The cost of boarding Molly with our friend who I trust (I'm so picky!) means we'll have a weekend away now and then which is enough to remind me that it's nice to have a break but that I miss her too! It's a choice we have to make isn't it? I'm so glad you've said what you did about the boxers, so many friends think we're nuts about taking Molly with us but I love it. She adores the beach and gets stupidly silly, regressing from her ten years old to a pup!


----------



## MollySmith (May 7, 2012)

Happy Paws2 said:


> That's the way we went to the South of France for years on the over night train from Calais to Cannes.
> 
> Then when we had Amber and as we wouldn't leave her she came with us, so we had to go by car Euro Tunnel and a overnight stay.


I'm madly excited about overnight trains. I have a list of ones I'd like to go on. I've never been there but I've been to Austria and Switzerland, Scotland and - my fav - Cornwall! How lovely to have taken Amber!


----------



## Boxer123 (Jul 29, 2017)

MollySmith said:


> Completely agree, there's bit here from Greenpeace. It's a way of offsetting guilt when it's related to non-essential travel in my opinion, and doesn't change the fundamental behaviour which is to look at better methods of transportation and encouraging airlines and companies to invest in green tech.
> 
> The cost of boarding Molly with our friend who I trust (I'm so picky!) means we'll have a weekend away now and then which is enough to remind me that it's nice to have a break but that I miss her too! It's a choice we have to make isn't it? I'm so glad you've said what you did about the boxers, so many friends think we're nuts about taking Molly with us but I love it. She adores the beach and gets stupidly silly, regressing from her ten years old to a pup!


People think I'm nuts but honestly I'd miss them so much it wouldn't be worth it. We've had some fab holidays in the UK. There are some truly beautiful places here. Sox is like Molly he loves a holiday he gets so excited.

I now also recognise the impact on the environment. I used to travel a fair bit when I was younger and didn't really think about it.


----------



## MollySmith (May 7, 2012)

Boxer123 said:


> People think I'm nuts but honestly I'd miss them so much it wouldn't be worth it. We've had some fab holidays in the UK. There are some truly beautiful places here. Sox is like Molly he loves a holiday he gets so excited.
> 
> I now also recognise the impact on the environment. I used to travel a fair bit when I was younger and didn't really think about it.


There are some amazing places. We've just been looking at Champing - where you can stay in a church overnight, they're all dog friendly and it helps the Churches Conservation Trust. Not sure I'm okay with bats! But if we didn't have a dog, I don't think I'd have considered it so much!

I'm sure dogs get the holiday vibes!! Good for Sox!


----------



## O2.0 (May 23, 2018)

Boxer123 said:


> I'd love to visit America and drive across.


OH and I are going to do a lot of traveling when we retire  
It's an amazing country, and even though I've been from coast to coast, there is still so much of it I want to explore.

I think travel builds empathy and understanding. We live insulated lives in our own bubbles and travel is a good way to not get stuck there.


----------



## Boxer123 (Jul 29, 2017)

O2.0 said:


> OH and I are going to do a lot of traveling when we retire
> It's an amazing country, and even though I've been from coast to coast, there is still so much of it I want to explore.
> 
> I think travel builds empathy and understanding. We live insulated lives in our own bubbles and travel is a good way to not get stuck there.


I'm a huge Stephen King fan and would love to go to Maine.


----------



## O2.0 (May 23, 2018)

Boxer123 said:


> I'm a huge Stephen King fan and would love to go to Maine.


My mom is from that area, I've been many times. New England is beautiful. 
OH and I almost got married in the Hotel that was the inspiration for "The Shining" that's in Colorado though 

I want to visit Scotland one day, apparently part of the Appalachians ended up there after the continents drifted.
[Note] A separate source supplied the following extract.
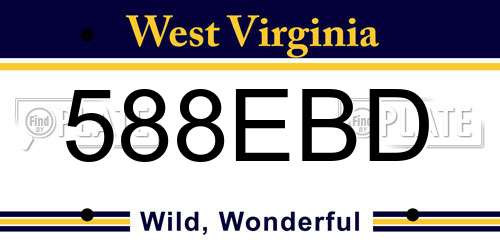 588EBD West Virginia License Plate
I wonder if the rocks would look familiar


----------



## Boxer123 (Jul 29, 2017)

O2.0 said:


> My mom is from that area, I've been many times. New England is beautiful.
> OH and I almost got married in the Hotel that was the inspiration for "The Shining" that's in Colorado though
> 
> I want to visit Scotland one day, apparently part of the Appalachians ended up there after the continents drifted. I wonder if the rocks would look familiar


Im planning a Scottish trip next year with my sis and boxers. Give loki the opportunity to tell off Nessie.


----------



## Happy Paws2 (Sep 13, 2008)

MollySmith said:


> I'm madly excited about overnight trains. I have a list of ones I'd like to go on. I've never been there but I've been to Austria and Switzerland, Scotland and - my fav - Cornwall! How lovely to have taken Amber!


Yes we used to really look forward to the overnight trains.
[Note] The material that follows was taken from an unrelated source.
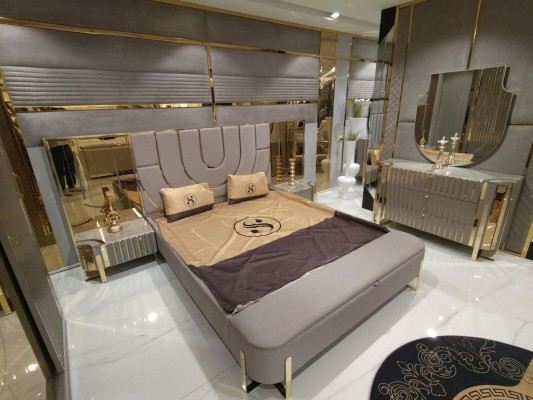 Ložnice Set Luxus Kompletní postel 2x noční stolek Šatní skříň 4 kusy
Amber went to he South of France sometimes twice a year but our main holiday a month in apartment in Golfe-Juan just out Cannes and as a Briard is a French breed she got lots of attention.

Unfortunately Dillon never had a holiday, after having a stroke I can't sit in a car for very long.


----------



## MollySmith (May 7, 2012)

How to travel responsibly by WWF (full text on this link here)
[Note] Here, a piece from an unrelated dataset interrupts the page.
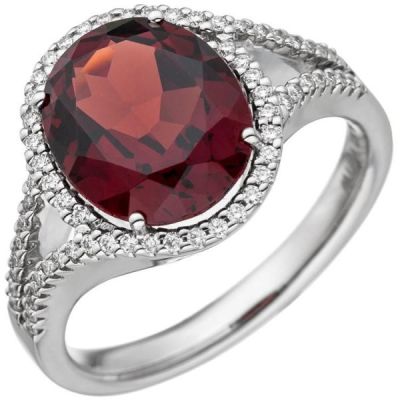 54 - Damen Ring 585 Gold Weißgold 1 Granat rot 66 Diamanten | 48767 / EAN:4053258341872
Each year, almost 1.2 billion people travel abroad, making travel and tourism one of the largest industries in the world. Representing a whopping 10% of the global economy, it supplies millions of jobs and benefits countless communities. Yet while travel has many positive impacts, it can also take a heavy toll on the environment, from putting increased strain on fragile ecosystems and culturally significant sites to contributing to rising fossil fuel emissions. But that doesn't mean you have to drop your suitcase and cancel your reservations, says WWF's travel experts. These simple actions can help you significantly reduce the footprint of your next trip and leave a positive impact on local communities.

*1. Do your homework*
Before you book, research destinations that prioritize sustainability and that are investing in preserving their natural and cultural heritage. Some countries, such as Namibia and Bhutan, have environmental protection written into their constitution. Others demonstrate an ongoing commitment to conservation by creating and taking care of their national parks, marine reserves, and wildlife refuges. According to Jim Sano, WWF's Vice President of Travel and Conservation, "Selecting a destination that achieves a balance of protecting natural and cultural resources, providing for sustainable livelihoods, and creating a high-quality traveler experience is challenging. Green Destinationshas started to compile a list of sustainable destinations against the Global Sustainable Tourism Council's Destination Criteria-a recognized set of criteria to assess a destination's management policies and practices. Two-hundred destinations have been selected to date."

*2. Getting there*
One of the best ways to travel more sustainably is to be thoughtful about your modes of travel. Are there environmentally-friendly ways to reach your destination? If you must fly, you can reduce your carbon footprint by selecting direct flights and by choosing a more energy-efficient aircraft, both of which lead to less jet fuel being burned. Travelers can also offset their travel emissions by purchasing reputable, accredited carbon credits from an offset platform like MyClimate.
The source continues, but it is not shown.